■ Information supplied ■

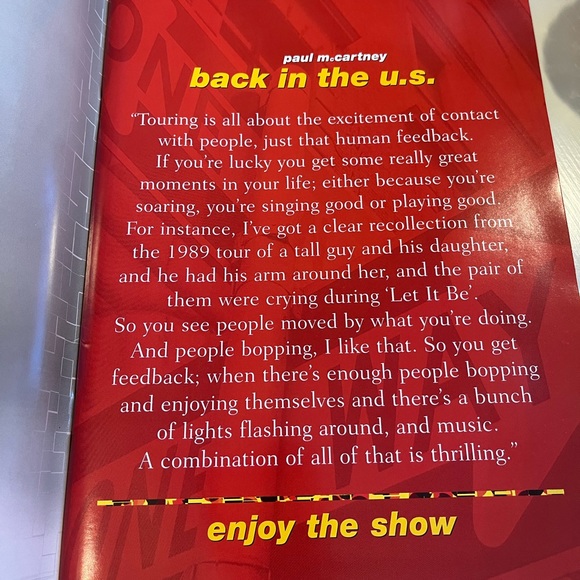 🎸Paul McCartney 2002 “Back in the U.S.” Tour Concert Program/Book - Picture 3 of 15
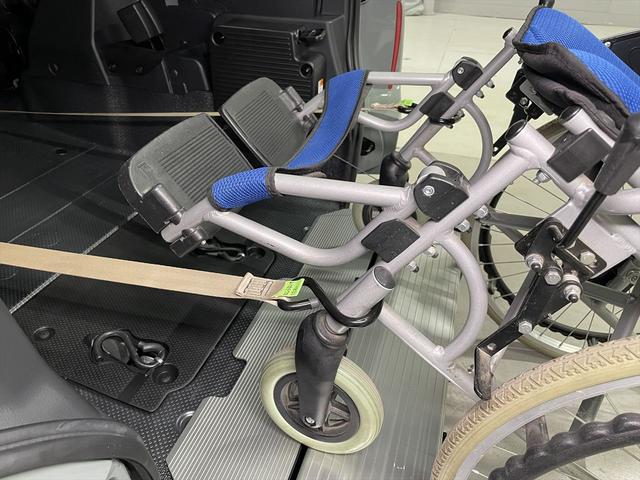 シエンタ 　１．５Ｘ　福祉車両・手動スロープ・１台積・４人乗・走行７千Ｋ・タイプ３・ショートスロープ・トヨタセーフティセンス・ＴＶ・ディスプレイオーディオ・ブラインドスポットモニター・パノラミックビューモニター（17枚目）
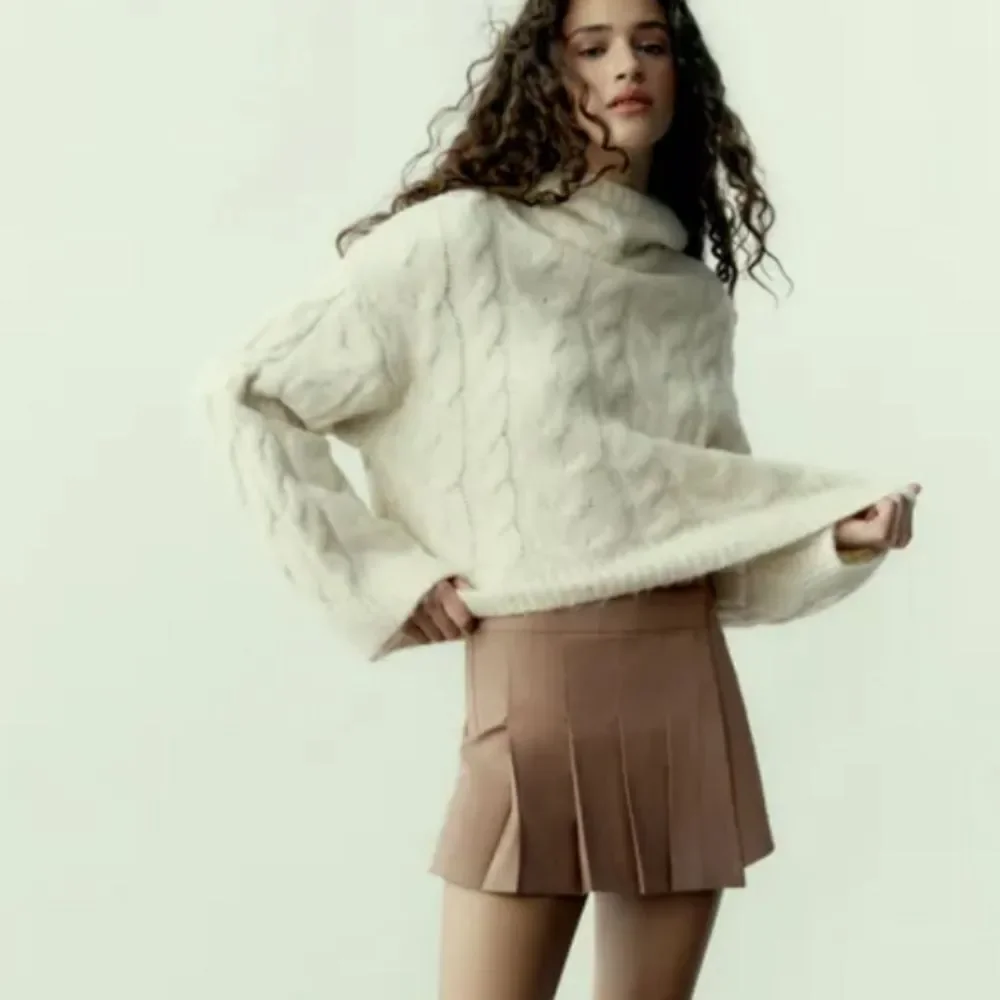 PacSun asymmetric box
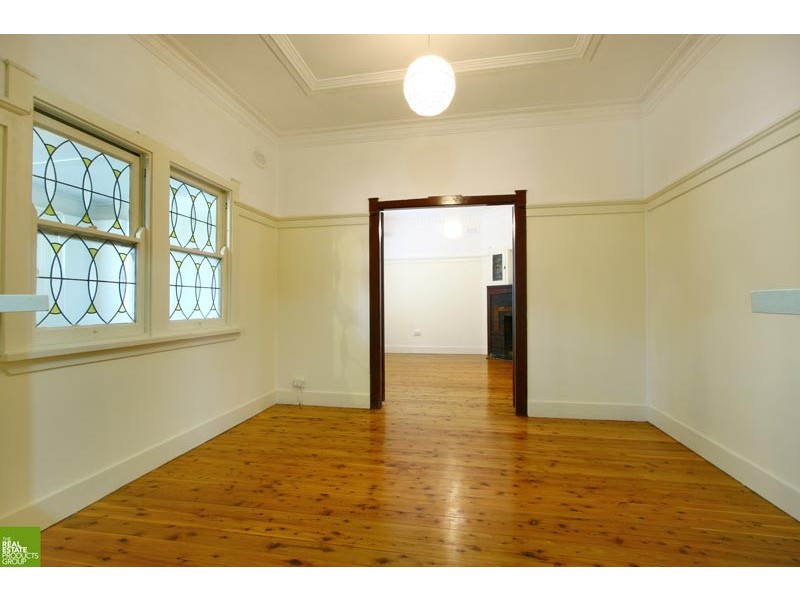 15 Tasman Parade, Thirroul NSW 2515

■ Work request ■
With images omitted, retype the data word for word.

■ Reply to the exercise ■
 🎸Paul McCartney 2002 “Back in the U.S.” Tour Concert Program/Book - Picture 3 of 15
 シエンタ 　１．５Ｘ　福祉車両・手動スロープ・１台積・４人乗・走行７千Ｋ・タイプ３・ショートスロープ・トヨタセーフティセンス・ＴＶ・ディスプレイオーディオ・ブラインドスポットモニター・パノラミックビューモニター（17枚目）
 PacSun asymmetric box
 15 Tasman Parade, Thirroul NSW 2515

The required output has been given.